[The records]
╔══

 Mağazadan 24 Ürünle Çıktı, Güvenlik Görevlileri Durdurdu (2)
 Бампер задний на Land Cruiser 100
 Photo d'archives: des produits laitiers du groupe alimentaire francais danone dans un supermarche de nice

╚══
╔══

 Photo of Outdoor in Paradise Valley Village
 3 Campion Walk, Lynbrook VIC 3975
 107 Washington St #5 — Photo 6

╚══

[Task] Look through the data above and return each line where the string "Photo" occurs.

[Exercise output]
 Photo d'archives: des produits laitiers du groupe alimentaire francais danone dans un supermarche de nice
 Photo of Outdoor in Paradise Valley Village
 107 Washington St #5 — Photo 6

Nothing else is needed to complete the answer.